Up to and including the line with "Casa JPA Taquara Cafunda 120M²", restate every line of the records below word for word, from the first line on, leaving out the pictures.

________________

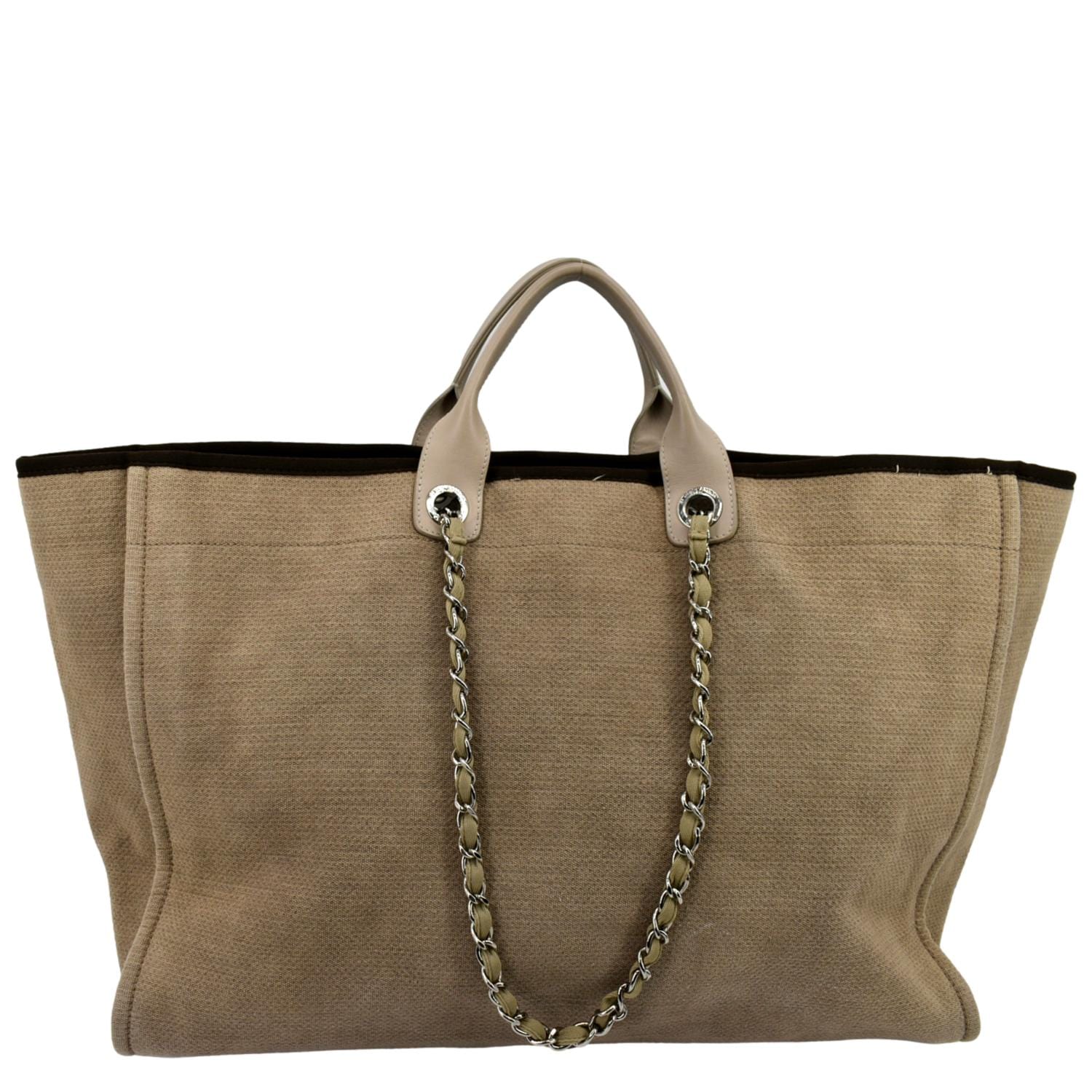 Chanel Beige/Brown Deauville Tote Chanel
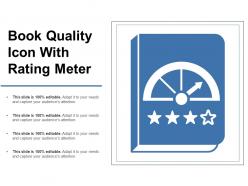 Book quality icon with rating meter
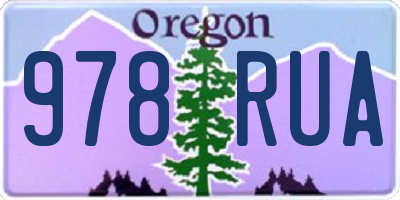 OR license plate 978RUA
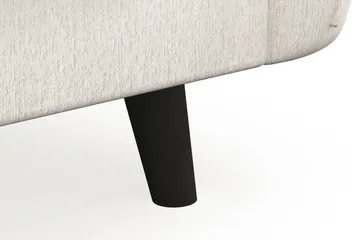 Trend Lyx 3-sits Sammetssoffa - Krämvit - Möbler - Vardagsrum - Soffor - Sammetssoffor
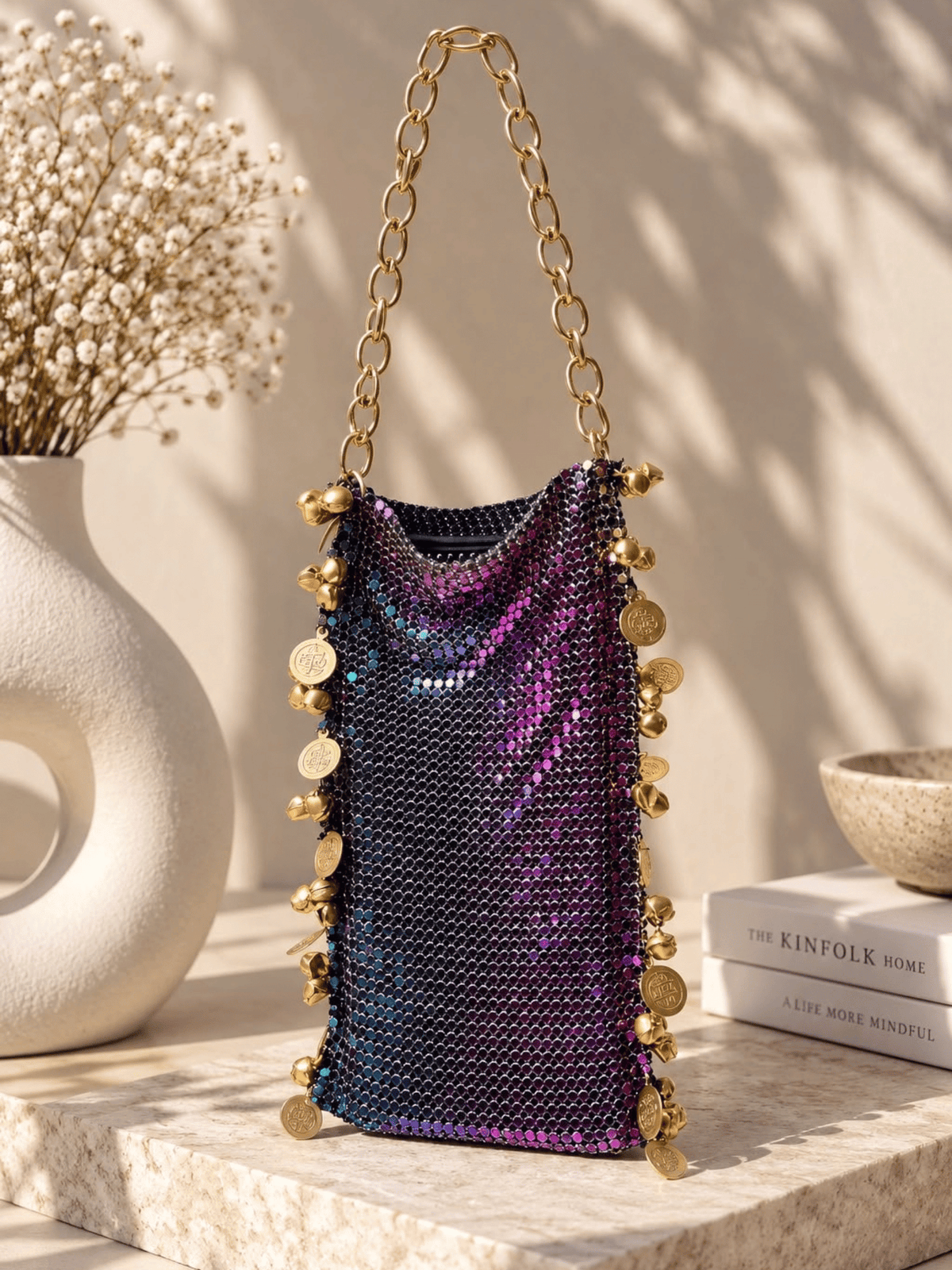 Royal Coin Mesh Sling Bag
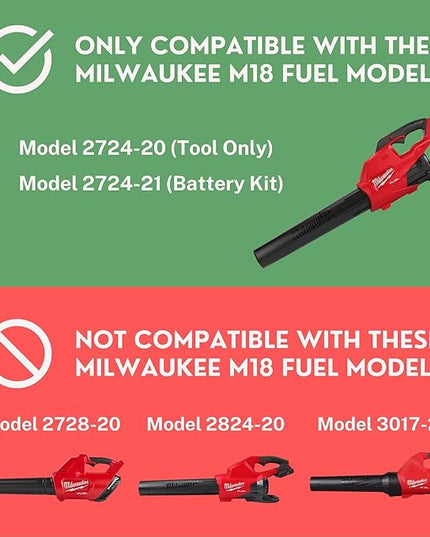 Wall Mount for Milwaukee M18 Fuel Leaf Blower | Compatible with Models 2724-20 and 2724-21 | Heavy Duty Hanger Hook Holder for Garage & Shed Organization | Mounting Bracket for Storage (Black) - LeafyLoom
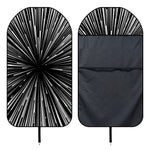 Black And White Hyperspace Print Waterproof Car Seat Cover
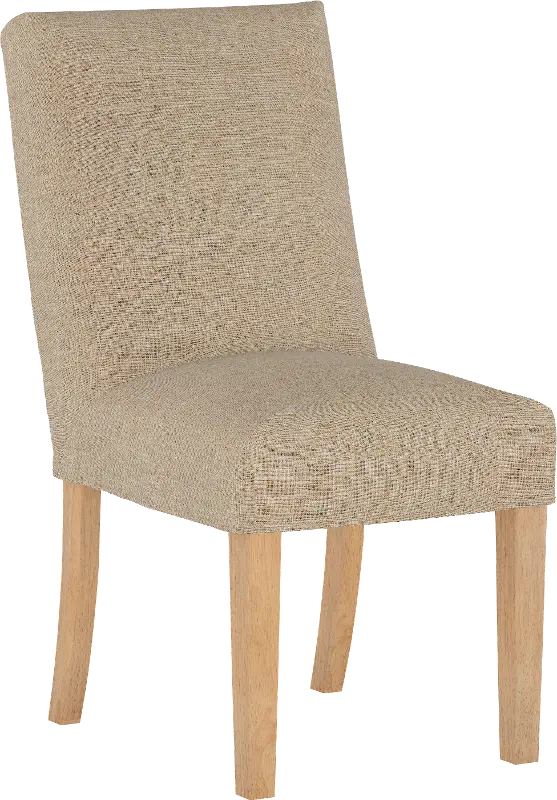 Jennifer Beige Slipcover Upholstered Dining Chair - Skyline Furniture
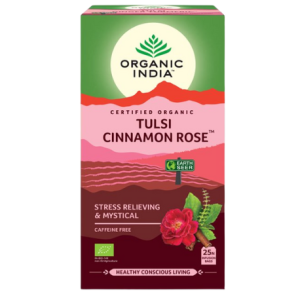 Organic India Tulsi skořice s růží BIO 25 sáčků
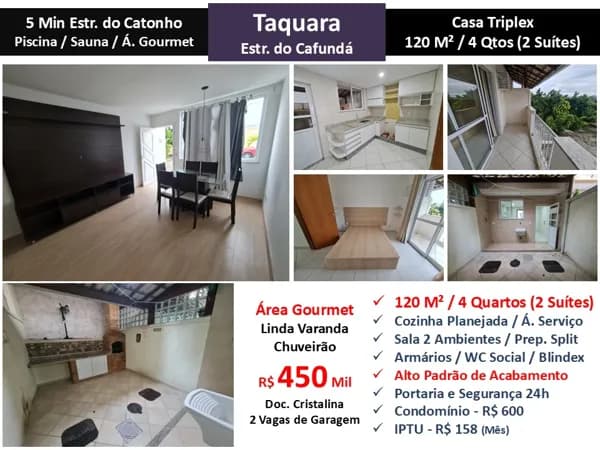Casa JPA Taquara Cafunda 120M²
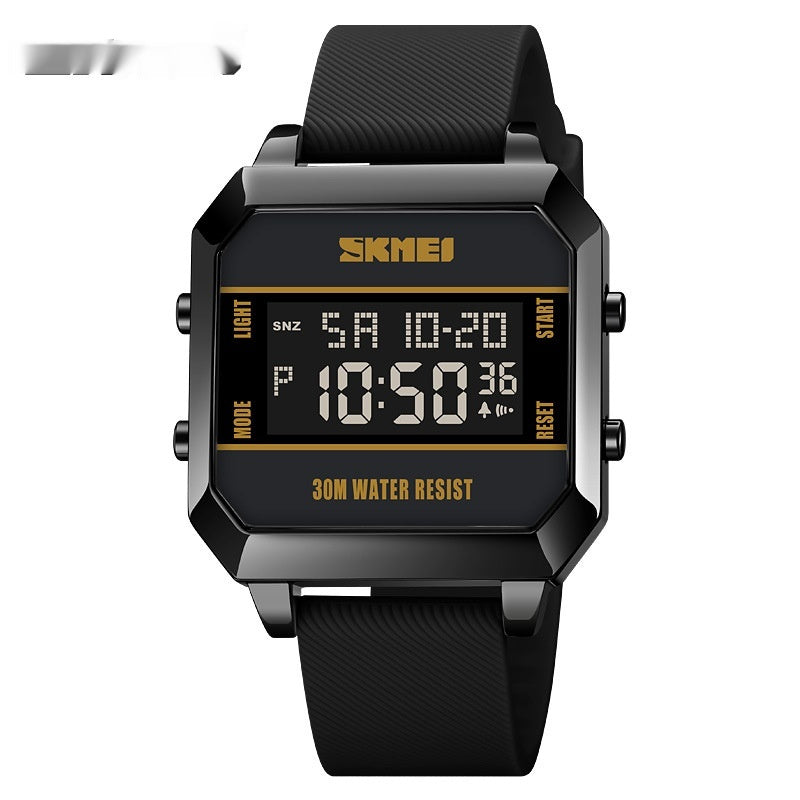 Multifunctional Student Sports Watch Waterproof Chronograph Stopwatch Men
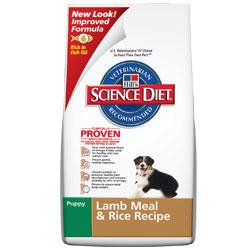 Hill's Science Diet Puppy Lamb Meal and Rice Formula Dry Dog Food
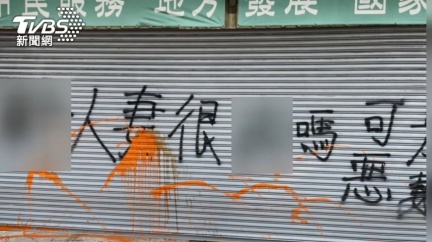 王定宇服務處被噴漆羞辱 嫌犯身分曝光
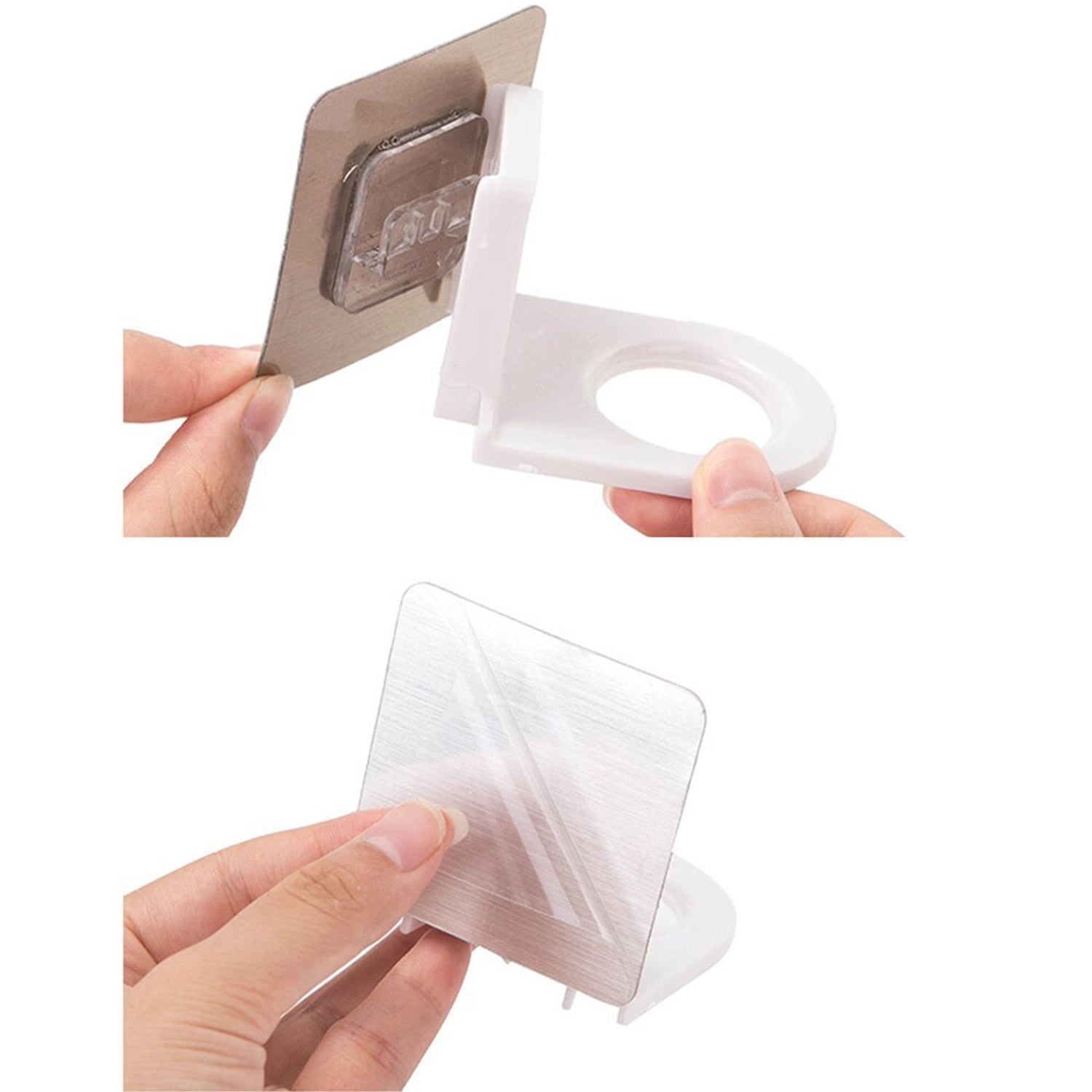 6166 6 Pc Shampoo Holder Hook For Holding Shampoo Bottles Easily. freeshipping - DeoDap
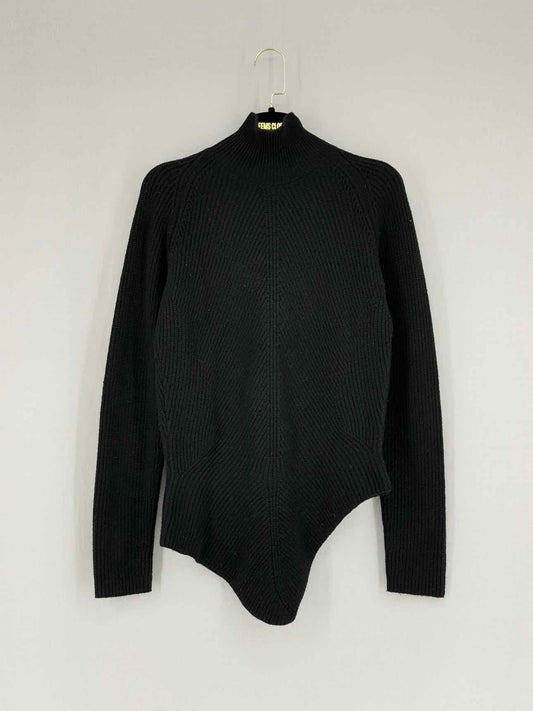 GENTRY PORTOFINO Turtleneck Black Size Small Sweater
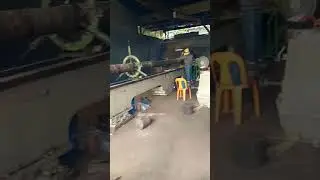 SHIP PROPELLER SHAFT REPAIR|34FT LONG|SEE HOW IT WORKS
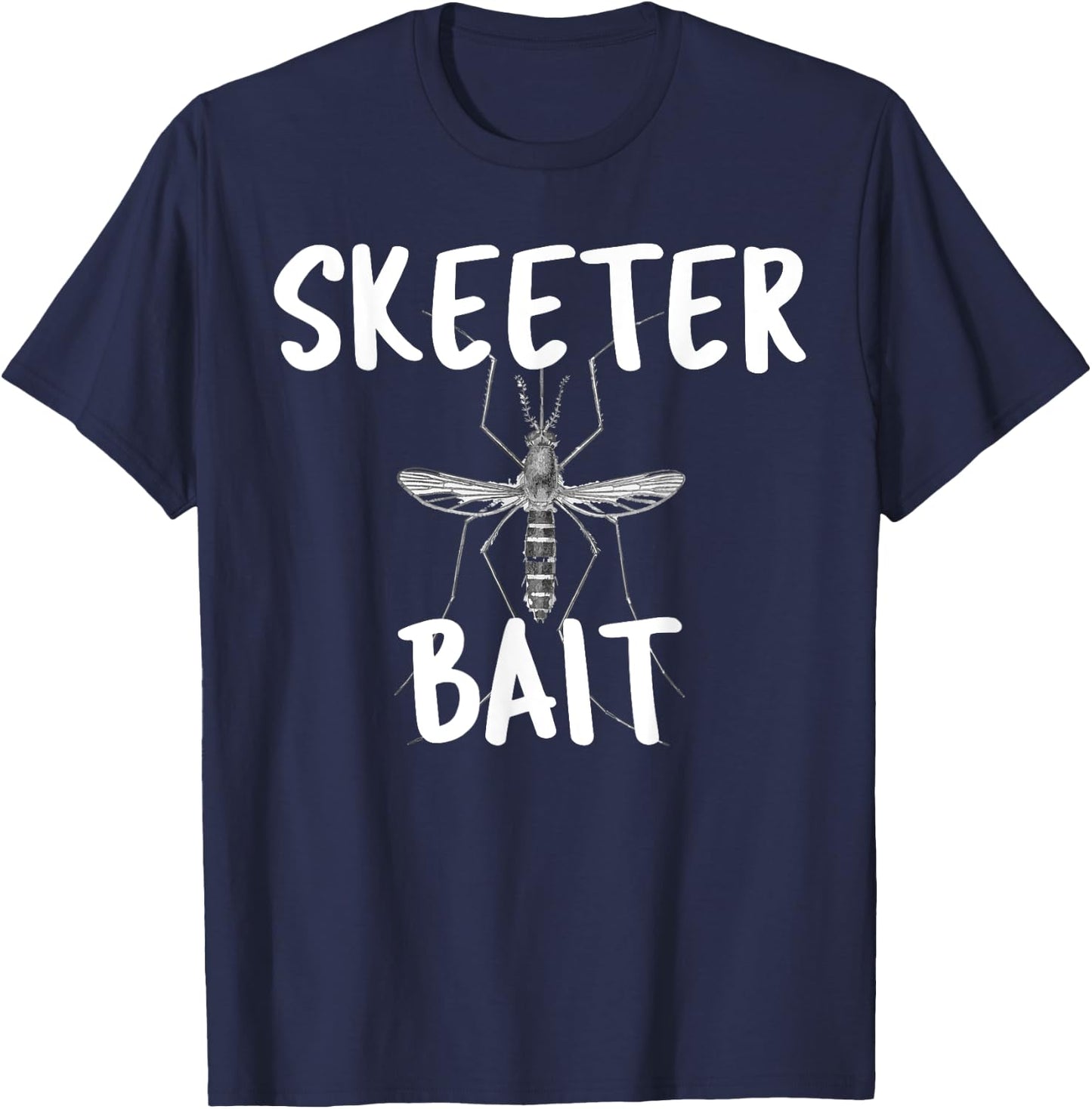Skeeter Bait Mosquito Insect Bug T-Shirt - T-Shirt | Navy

________________

Written answer:
 Chanel Beige/Brown Deauville Tote Chanel
 Book quality icon with rating meter
 OR license plate 978RUA
 Trend Lyx 3-sits Sammetssoffa - Krämvit - Möbler - Vardagsrum - Soffor - Sammetssoffor
 Royal Coin Mesh Sling Bag
 Wall Mount for Milwaukee M18 Fuel Leaf Blower | Compatible with Models 2724-20 and 2724-21 | Heavy Duty Hanger Hook Holder for Garage & Shed Organization | Mounting Bracket for Storage (Black) - LeafyLoom
 Black And White Hyperspace Print Waterproof Car Seat Cover
 Jennifer Beige Slipcover Upholstered Dining Chair - Skyline Furniture
 Organic India Tulsi skořice s růží BIO 25 sáčků
Casa JPA Taquara Cafunda 120M²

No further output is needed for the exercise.